> _Your instructions_: Your reproduction of the entries should be exact and should contain no pictures.

> _Exercise data_:
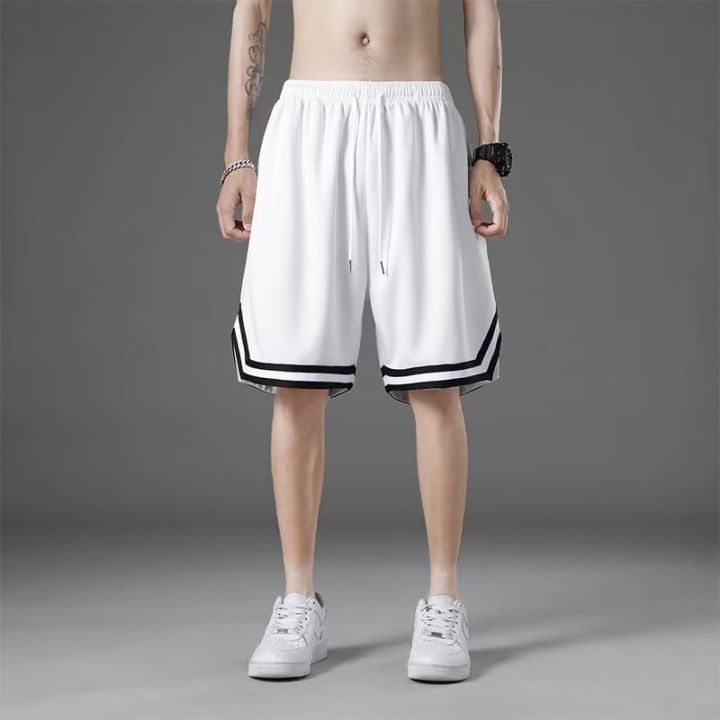 Basketball%20Shorts%20Men's%20Sports%20Loose%20Summer%20Fashion%20Brand%20Boys%20Quick-Drying%20Student%20Men's%20Ice%20Running%20Sports%20Fifth%20Pants%20-%20Image%207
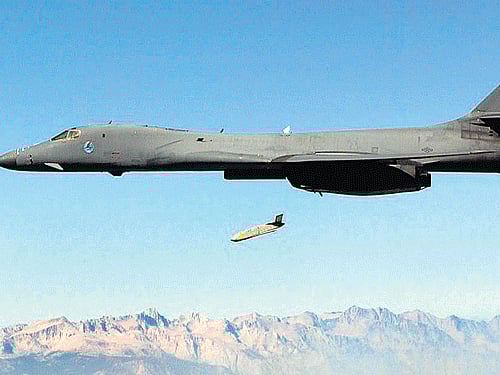 Smart or unpredictable?: A Long Range Anti-Ship Missile prototype, launched by a B-1 bomber, is designed to manoeuver without human control. As these weapons become smarter and nimbler, critics fear, they may become increasingly difficult for humans to defend against. nyt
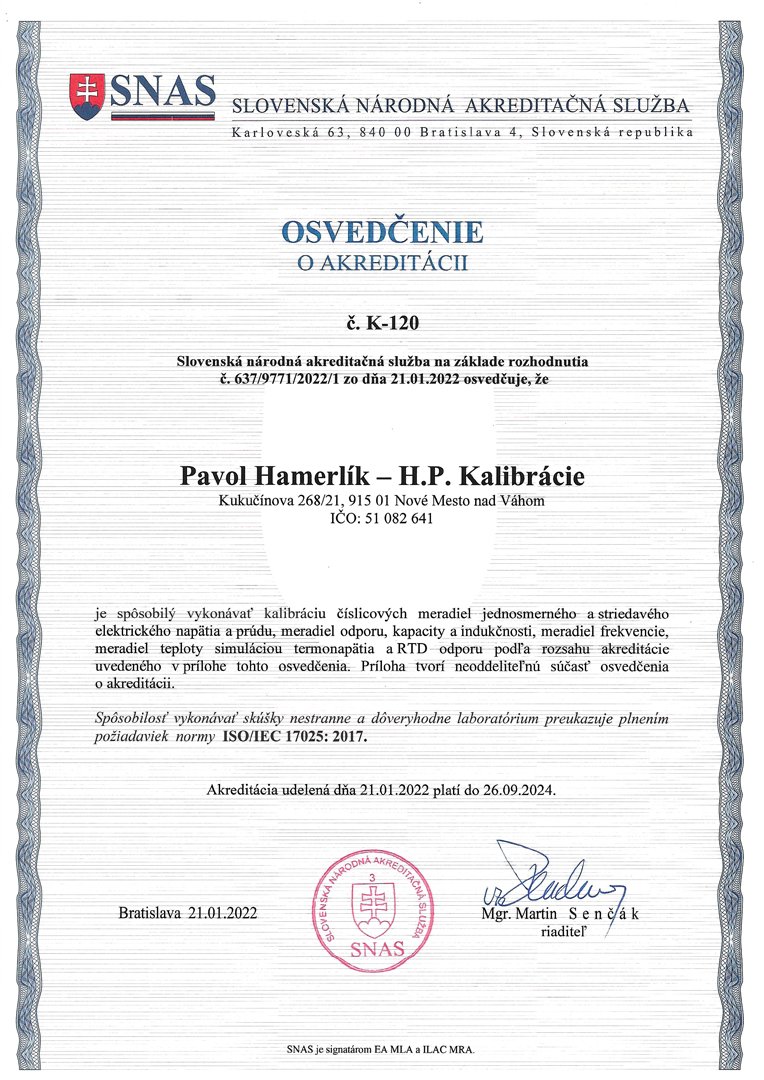 Osvedenie K-120 - 2022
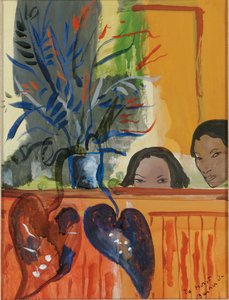 Interiør scene af Christian Bérard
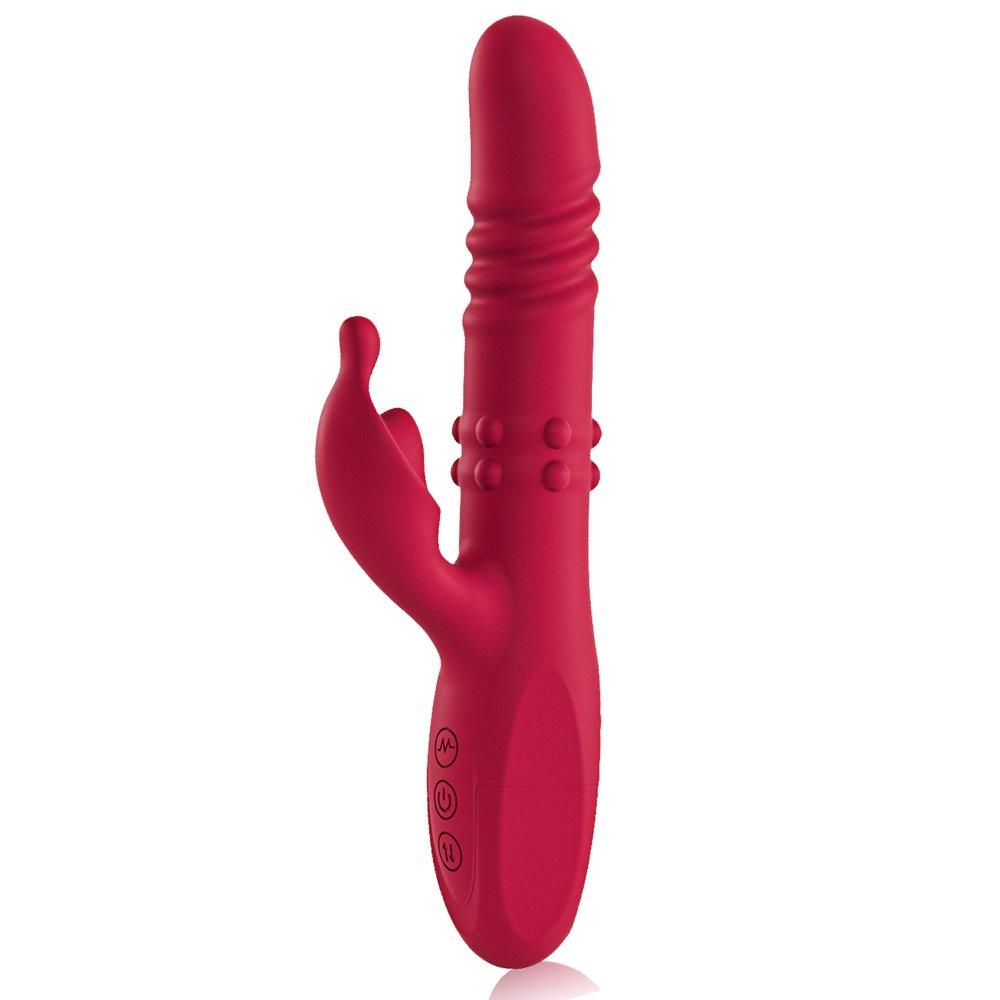 4-in-1 Telescopic Rotating Rabbit Vibrator G-Spot Clitoral Seductiva 4-in-1 Telescopic Rotating Rabbit Vibrator G-Spot Clitoral Seductiva
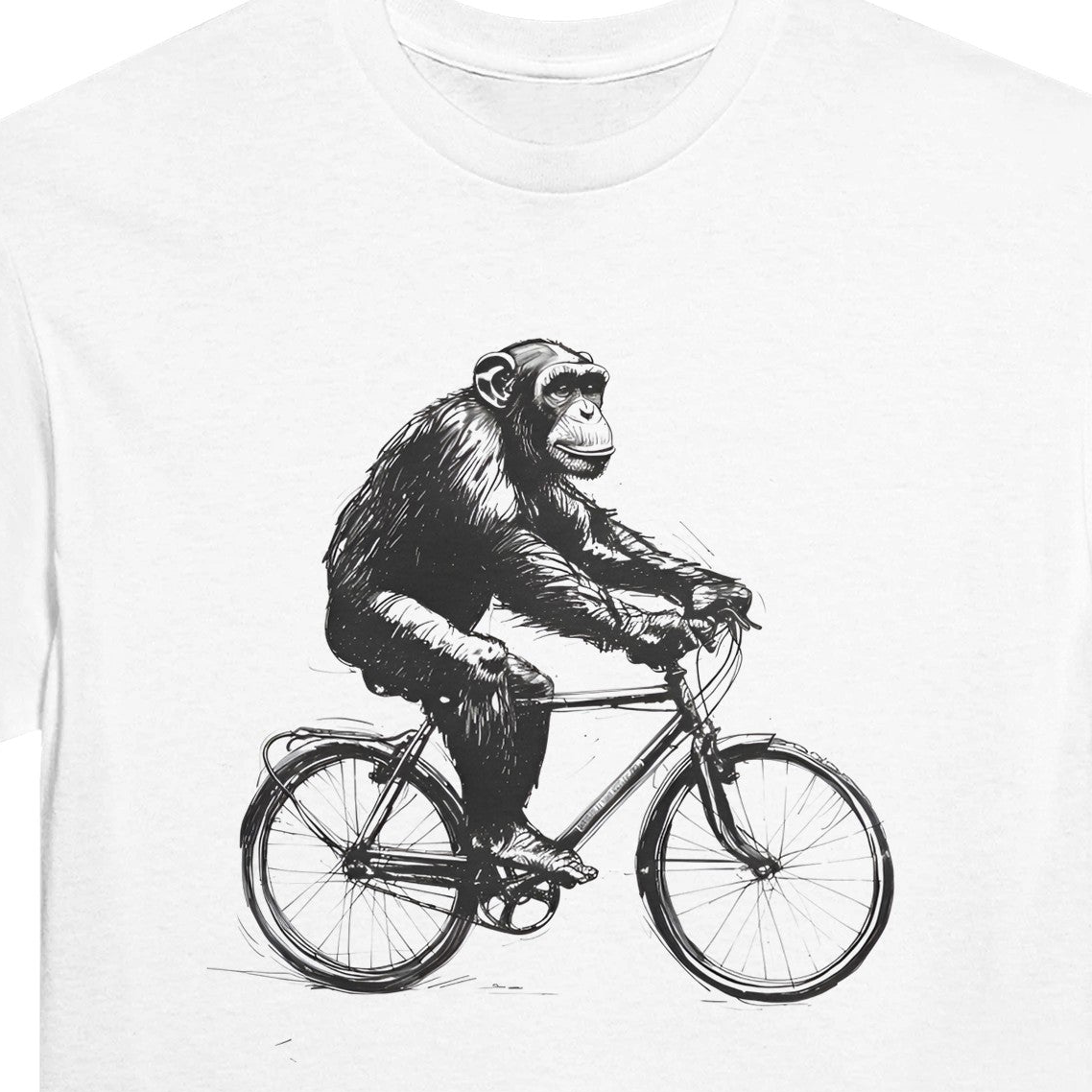 Chimp On A Bicycle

> _Answer to this problem_:
 Basketball%20Shorts%20Men's%20Sports%20Loose%20Summer%20Fashion%20Brand%20Boys%20Quick-Drying%20Student%20Men's%20Ice%20Running%20Sports%20Fifth%20Pants%20-%20Image%207
 Smart or unpredictable?: A Long Range Anti-Ship Missile prototype, launched by a B-1 bomber, is designed to manoeuver without human control. As these weapons become smarter and nimbler, critics fear, they may become increasingly difficult for humans to defend against. nyt
 Osvedenie K-120 - 2022
 Interiør scene af Christian Bérard
 4-in-1 Telescopic Rotating Rabbit Vibrator G-Spot Clitoral Seductiva 4-in-1 Telescopic Rotating Rabbit Vibrator G-Spot Clitoral Seductiva
 Chimp On A Bicycle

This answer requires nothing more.